Even today, database installation is not an entirely trivial task. Especially for data warehouse databases. All settings need to be considered before you start. Fortunately it gets a lot easier in the cloud, right? But where some Cloud vendors claim that their solution removes the need for extensive configuration of settings, what usually happens is that they provide you with a lot of defaults that you can no longer control. Below the waterline, the same settings can still play a role. A setting that can trip you up this way, is collation.
The database collation defines how the database sorts and compares text in the database. It determines how two strings compare with each other, are sorted, and when they are equal or not. Since data warehouses do a lot of key and attribute comparisons when loading data, this is a pretty big deal – much more so than in a standard OLTP system. Not all databases allow you to choose your own collation, but Microsoft SQL Server and Oracle do. On-premise, at least.
Which collation you choose is not a decision to make lightly. While it’s easy to accept the default settings, please note that once you install a database with a certain collation you cannot change it afterwards: you need to rebuild the database from scratch, and moving data from one to the other is easy when going from case insensitive (CI) to case sensitive (CS), but the reverse may be quite hard when “Jones” and “JONES” suddenly refer to the same person instead of two different ones.
Various databases handle collation in different ways. I’ll discuss the broader differences between Oracle and SQL Server here. If you have a different database you should check in advance how collation works for your server.
In Oracle, the metadata of the database is not case sensitive by default.

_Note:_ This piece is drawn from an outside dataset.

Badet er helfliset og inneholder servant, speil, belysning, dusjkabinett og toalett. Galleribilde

Collation refers to the data, but not the metadata. This ensures that
"SELECT * FROM myschema.table" is the same as
"select * from MYSCHEMA.TABLE". However, the data in the tables *is* case-sensitive by default. You can change this on a query-by-query basis, and per session since Oracle 10g , but it’s rare to do so because there are some pretty horrendous implications for performance if you use the wrong settings. These default settings make a lot of sense for most applications, however.

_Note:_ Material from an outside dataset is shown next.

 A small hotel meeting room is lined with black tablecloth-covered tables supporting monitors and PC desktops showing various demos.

Once you’re used to Oracle’s way of doing things, SQL Server will come as a bit of a shock. On SQL Server you can install the database to be either case insensitive, or case sensitive. You can fine-tune this collation even further to be sensitive to diacritical characters (accents) or not. The default settings for the database depend on the system locale settings: https://docs.microsoft.com/en-us/previous-versions/sql/sql-server-2008-r2/ms143508(v=sql.105). Microsoft recommends keeping the collation settings the same for all databases in the organisation, which is a wise recommendation. This recommendation fails to take into account the situation where the company has multiple database platforms, however, with one of them perhaps being an Oracle database. And even if you do not have on-premise databases other than SQL Server, you will still receive files from external vendors. These may come with their own expected collations, for instance when they identify records with a key that says that Microsoft and MICROSOFT are different companies. This is relatively easy to identify and deal with. It becomes a lot harder when you have hashed or encrypted fields where case turns out to be important. It may be a while before you spot the issue.

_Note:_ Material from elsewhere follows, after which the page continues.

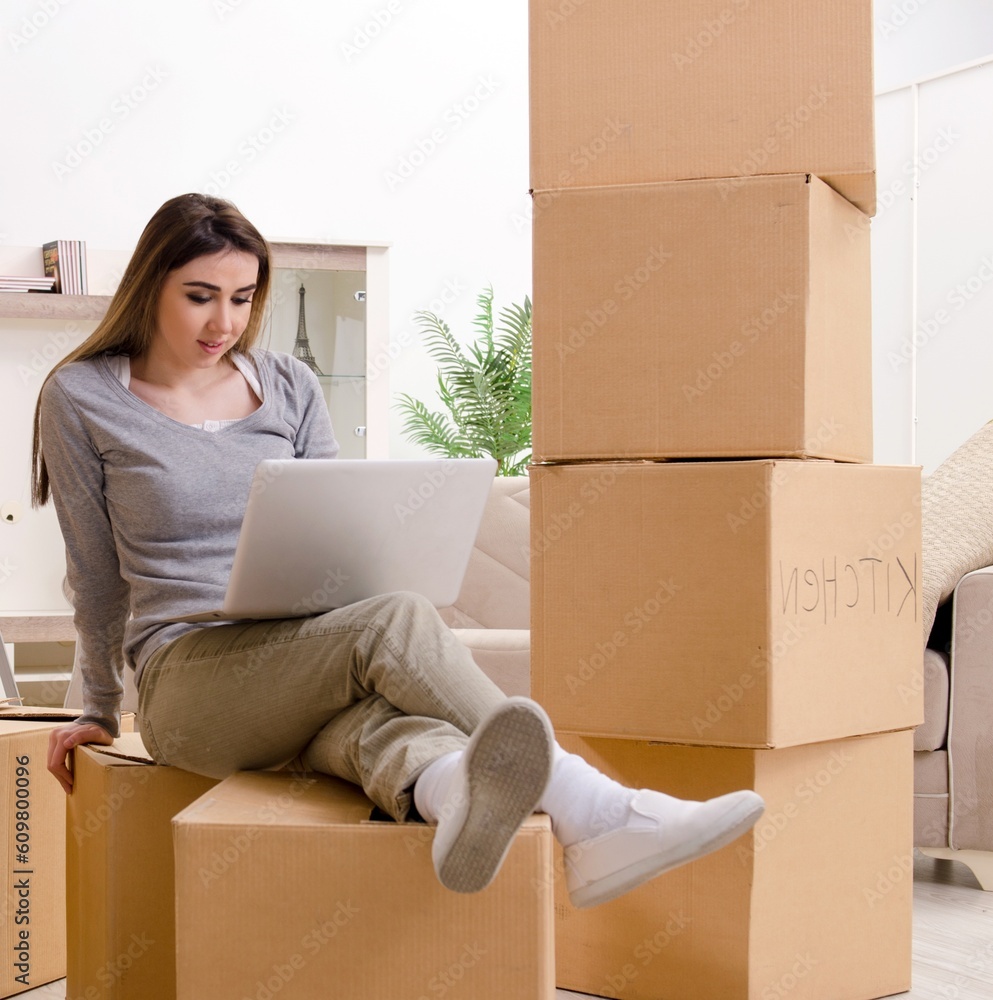 Young beautiful woman moving to new flat Young beautiful woman moving to new flat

Going for a Cloud solution does not solve the issue. As indicated in https://azure.microsoft.com/en-us/blog/working-with-collations-in-sql-azure/, Azure sql server uses a default collation called
"SQL_Latin1_General_CP1_CI_AS". That is, the western latin alphabet, case insensitive, but accent sensitive. If your own database was case sensitive, you are now in trouble.
Going case insensitive makes a lot of sense for a single application. It doesn’t have to deal with any other system than itself. If you need to import data, you can wrangle it in the desired shape. Users will probably expect that if they type “microsoft” it will also find “Microsoft” and “MICROSOFT”. But when you deal with a data warehouse, things change. You can and will receive input from various systems with their own ideas about the required collation, alphabets or treatment of accents.
Case sensitive collations are also a requirement for any permanent data store with heterogeneous inputs (aka a data warehouse). They prevent hashed or encrypted fields from suddenly becoming “equal” when they are in fact different. When looking up hashed keys in a Data Vault 2.0 approach, this becomes a rather important point: Here the input to a hash function can be case sensitive, but the output can *also* be case sensitive. Your best option is to treat it as case sensitive and if it happens to be the same anyway, enforce the case either during loading or with a view.
Accent sensitive is easy to defend. It’s the default option most of the time, which makes good sense. You really don’t want to treat “la” the same as “là”, and that is not even going into the subject of customer names that you really don’t want to merge by accident.
So to summarize: for a data warehouse, I would use the case sensitive/accent sensitive collation wherever you have a choice. This prevents unforeseen data loss. But if you already know you will migrate to the cloud in the near future, you may have to check carefully how to deal with this issue in a case insensitive database.